Au cœur d’un débat juridico-politique à forte intensité, deux figures majeures de la scène gabonaise s’affrontent autour de l’interprétation de l’article 82 alinéa 3 du Code électoral : Me Francis Nkea Nzigue, avocat et agrégé de droit, et Jean Valentin Leyama, économiste et ancien responsable politique. En jeu : la portée juridique de la création d’un parti politique par un élu indépendant en cours de mandat. Est-ce une simple expression de la liberté d’association ? Ou bien un acte d’adhésion, donc prohibé par la loi ?
La thèse de Me Francis Nkea : distinguer création et adhésion

Selon Me Nkea, « créer un parti n’est pas constitutif de transhumance politique ; c’est l’adhésion à un parti existant qui est visée par la loi ». L’ancien Garde des Sceaux soutient que l’article 82 alinéa 3 interdit aux élus indépendants de rallier un parti politique légalement reconnu pendant la durée de leur mandat, mais ne saurait être interprété comme une interdiction de fonder un nouveau parti. Il invoque, pour cela, la liberté d’association garantie par la Constitution, estimant que cette liberté inclut la possibilité, pour tout citoyen – même élu – de créer une organisation politique.
Jean Valentin Leyama réplique : en droit, créer un parti, c’est déjà y adhérer

À cette lecture, Jean Valentin Leyama oppose un argumentaire strictement fondé sur le droit positif. Dans un commentaire incisif publié sur la page Facebook de Gabon Media Time, l’ancien secrétaire exécutif du parti RÉAGIR démonte le raisonnement de Me Nkea en s’appuyant sur les dispositions combinées de l’article 82 alinéa 3 du Code électoral et de la loi n°24/96 du 6 juin 1996 relative aux partis politiques, modifiée par la loi n°016/2011 du 14 février 2012.

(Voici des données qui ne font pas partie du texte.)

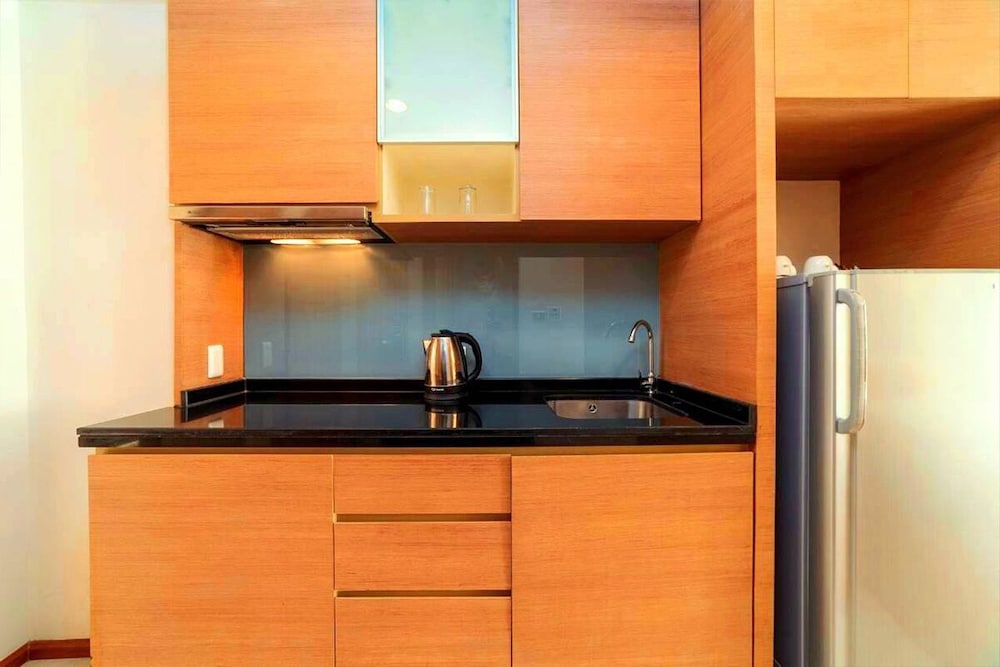 Golden Pearl Residences 7/50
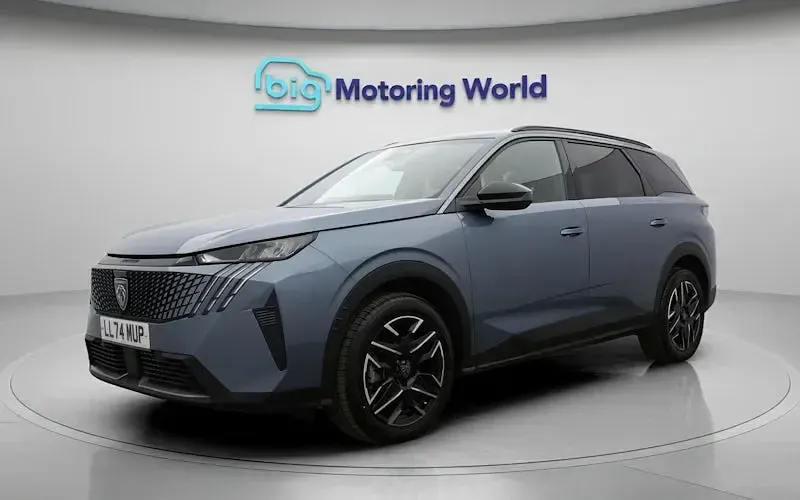 Used Peugeot 5008 Allure 136 HP (100 kW) 2025 Blue SUV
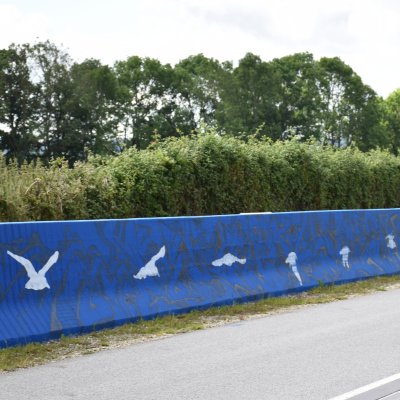 Un graff d’un kilomètre le long de la route solaire à Tourouvre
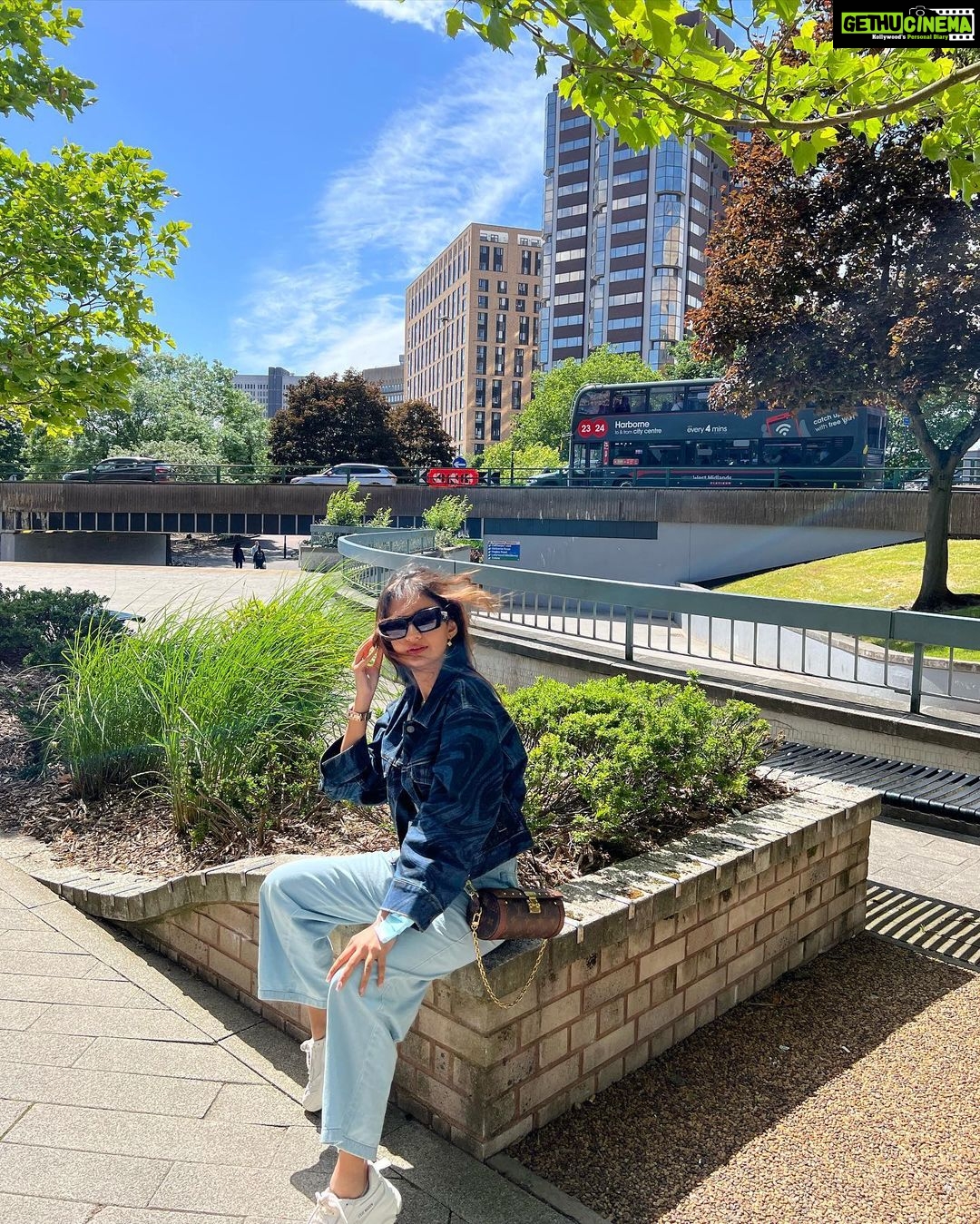 Anushka Sen Instagram - Heyooo Birmingham, UK 🇬🇧🥰 Birmingham, United Kingdom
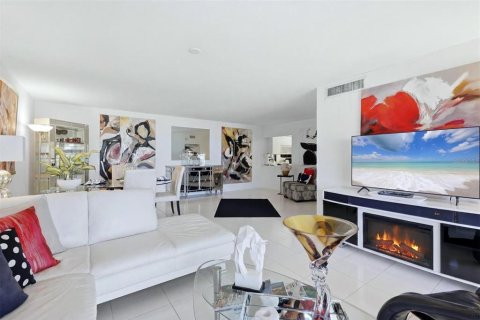 Купить кондоминиум в Сарасота, Флорида 7 комнат, 111.48м2, № 2200308 - фото 14
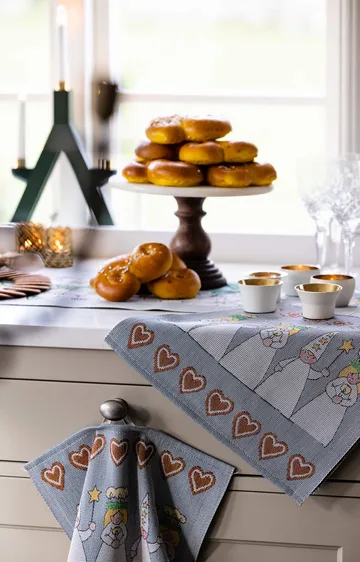 Mistelkvist table runner 35x120 cm - Multi - Ekelund Linneväveri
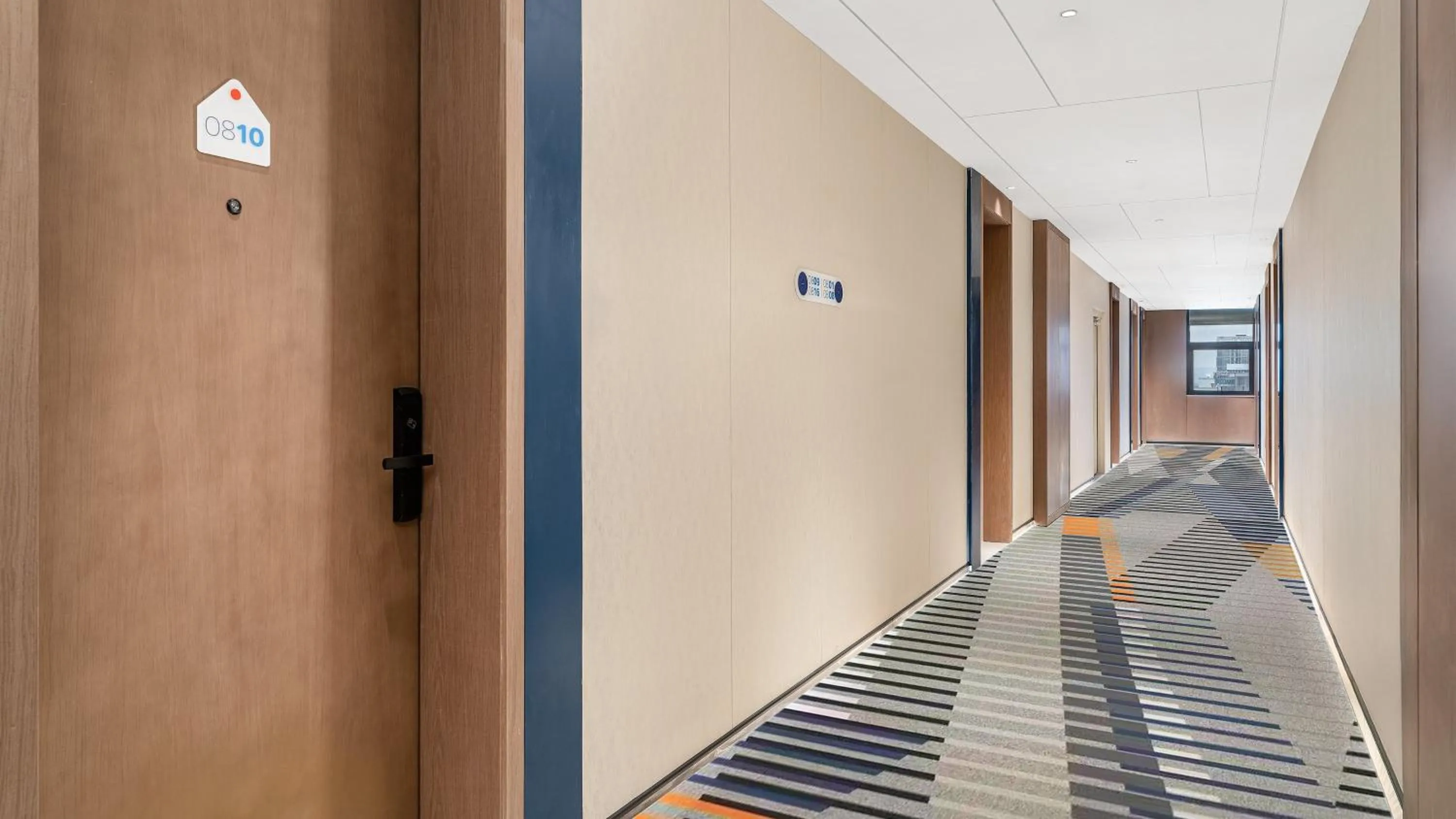 Lobby or reception in Holiday Inn Express Chengdu Shuangliu Airport by IHG - Free shuttle bus from Shuangliu International Airport to hotel about 8 Minutes by car, Welcome drink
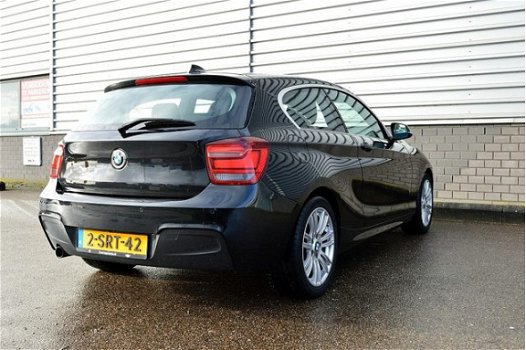 BMW 1-serie - 114i Upgrade Edition M-Sport RIJKLAAR PRIJS-GARANTIE Leder Sport Interieur Navigatie X - 1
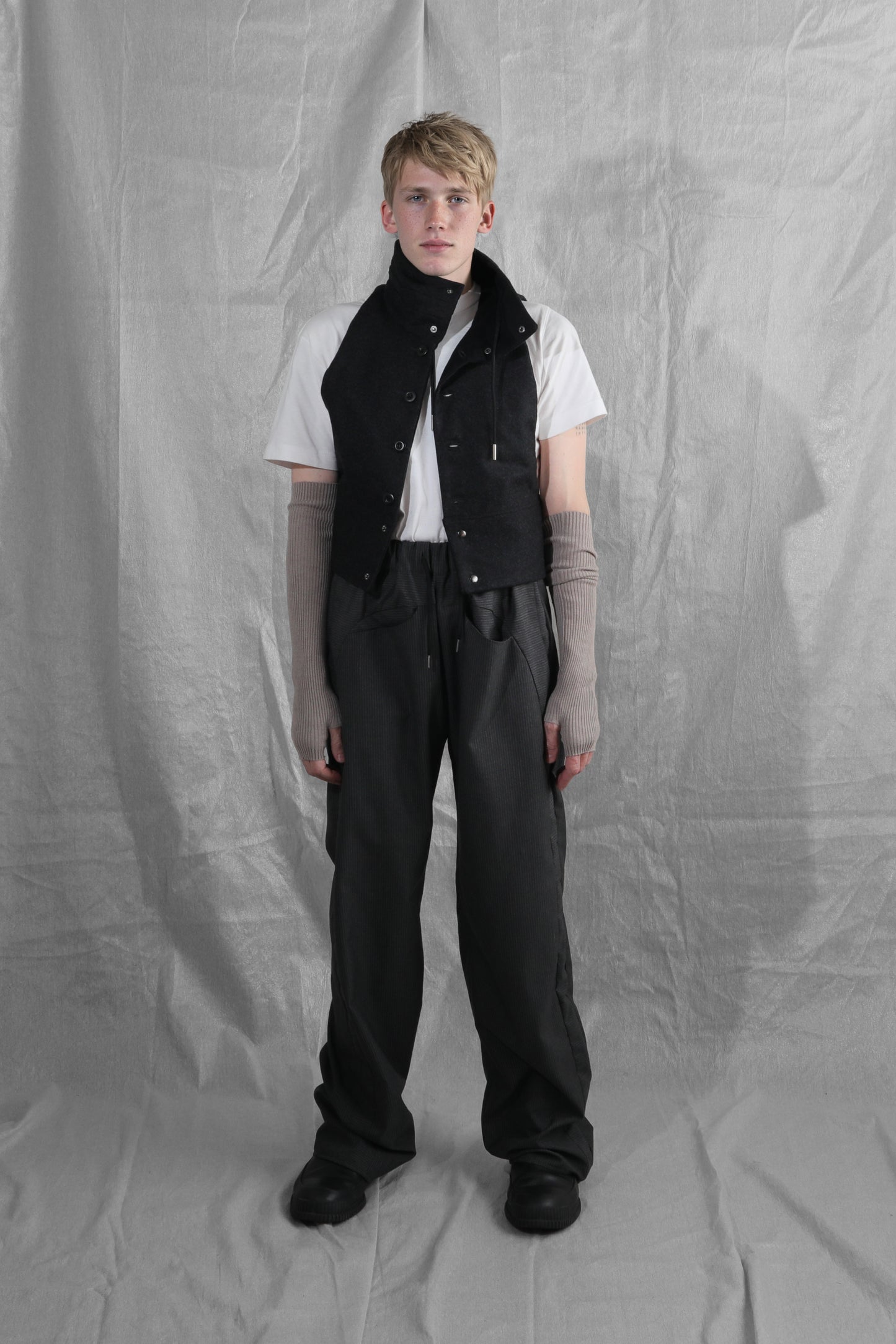 NUZZLE Gilet (Grey)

Selon lui, la procédure de création d’un parti est juridiquement encadrée et requiert des pièces justificatives qui ne peuvent être produites que par des membres adhérents : procès-verbal constitutif, pièces d’identité, casier judiciaire… « On ne peut pas créer un parti sans en être membre. C’est une contradiction en soi », assène-t-il. D’où cette conclusion tranchée : la création implique nécessairement l’adhésion, ce qui expose un élu indépendant à la sanction prévue par la loi – en l’occurrence, l’annulation de son élection.
Liberté d’association : un principe, mais pas une immunité
Le débat dépasse la simple querelle juridique. Il touche à un principe fondamental : la liberté d’association. Me Nkea s’en réclame. Mais pour Leyama, cette liberté, bien que constitutionnelle, n’est pas absolue : elle peut être encadrée lorsqu’elle entre en conflit avec les exigences de la transparence et de la morale publique. L’article 2 du Code électoral fixe le périmètre de son application, notamment aux députés, et c’est dans ce cadre, affirme-t-il, que l’interprétation doit se faire.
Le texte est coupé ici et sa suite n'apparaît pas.